Stored data:
Start of Block
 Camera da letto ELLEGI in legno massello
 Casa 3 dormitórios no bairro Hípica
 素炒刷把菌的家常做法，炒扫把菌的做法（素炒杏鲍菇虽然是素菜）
End of Block
Task goal: Give back all of the data above without any alteration.

Solution to this problem:
 Camera da letto ELLEGI in legno massello
 Casa 3 dormitórios no bairro Hípica
 素炒刷把菌的家常做法，炒扫把菌的做法（素炒杏鲍菇虽然是素菜）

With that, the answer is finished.